Graduation speech Class 2016/2017

By Dominique van de Kamp         During the pre-master of Social and Cultural Anthropology, we followed a course called “Core themes of Anthropology,” by Ton Salman. In our first class, he mentioned that every anthropologist would like to be a fly on the wall, almost invisible – however impossible *. From that moment on, we started calling ourselves the “Flies on the wall.”

Two years later, we handed in our theses and a great part of us went to celebrate together in Rome. There I wrote something about the flies on the wall, which turned out to be my notes of an engaged anthropologist:

Dear flies on the wall

First of all, I want to say how happy and grateful I am, to be part of you all
Last summer has given me some time off to contemplate life..
and now we have survived our Master’s, I think we all deserve an enormous high five

In a sense, I feel like I learnt more from you, than I could have learnt from any of our teachers – no offense

Sometimes I cannot believe it is done, this past one or two years have flown by
and I cannot decide if I should laugh or should cry

We have discussed complicated subjects, like transnationalism and migration
we have learnt the difference between globalisation and glocalisation
we will remember that we can be locals to more than one place
since to limit ourselves to one group or space would be such a waste

All of us have come to realise the importance of diversity
some of us already knew it is all around us, even at our own university

Thereby we have learnt to look at things from different perspectives
everyone has a personal view, assigning meaning to different things and having distinctive objectives

We quickly found, that the interesting thing about our group is how everyone has such a different background
coming from an international business study, I had one main struggle with anthropology;
there is no black and white, no way
In fact, anthropology equals more than fifty shades of grey
everything is complex, diverse and the lines are always blurred
It is a study about ‘ culture’ but no one is allowed to use that damn word
It is too broad, like authenticity, identity … and who dares to define ethnicity?

We definitely deserved a vacation
after going native and an overdose of participant observation
because when we sent in our research plans, we still had no clue
about what to do – and besides our excitement we started to grow fear
when we first arrived to the field many of us thought wtf am I doing here?

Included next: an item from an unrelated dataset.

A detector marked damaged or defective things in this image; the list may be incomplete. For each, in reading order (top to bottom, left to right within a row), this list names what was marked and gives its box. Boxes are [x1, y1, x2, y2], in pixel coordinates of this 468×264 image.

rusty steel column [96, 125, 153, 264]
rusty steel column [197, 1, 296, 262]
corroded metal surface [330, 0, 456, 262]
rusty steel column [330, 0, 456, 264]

We struggled deciding on our location, rethinking research questions
asking fellow flies and stalking supervisors for suggestions
on how to find the right contacts and whether we should change our subjects

We were so in doubt.
Sometimes we could not even figure out, if we were doing ethnography
or were just hanging out

But, we are all naturals in adapting and we easily adjust
to a new environment and new people from whom we quickly gain trust
though some of our participants could also be very suspicious
no matter how motivated we were, or even ambitious
aside from interviewing and observing our participants and gatekeepers
some anthropologists could always dig a little deeper

It took a lot of investment. Climbing a volcano in 37 degrees is not so fresh
unlike getting a pedicure with your translator in Bangladesh
maybe sometimes liking your key informant a little bit too much
can you still be objective if you add that personal touch?
Sometimes what happens in the field, has to stay in the field
only to be revealed
when forced to by powerful bureaucrats

Some of us created high expectations – from filming documentaries, to writing novels and even inviting everyone they know to the final presentations

To most of us, our research has left a deep impression
sadly, the paradox of thesis writing seems to be turning your passion
into disliking your subject while it also becomes your greatest obsession

I mean, Jolien prefers someone else’s couch over the privacy of her own bed
Ola still visualises urban gardens in her head
Charelle finds the alternative way of living hard to forget
and though in the end he did not write his thesis about robots – they still make Jochem a little wet

Actually, now I think about it
Some of us even got some ink out of it

Needless to repeat, we have had an experience which, to our book of life, has become a significant chapter
Full of poetry, field notes and stories too hard to capture
In words, we cannot always explain what we have found
It was no surprise that many of us surpassed the word count

Spread all over the world we were like an imagined community
Now that is what I would call mobility
Maybe we should include Eriksen, Levi-Strauss, Margret Mead Et Al.
But also Salman , Brouwer, de Regt, Colombijn, Sunier, Saramifar, Dalakoglou, Sinatti and Bal.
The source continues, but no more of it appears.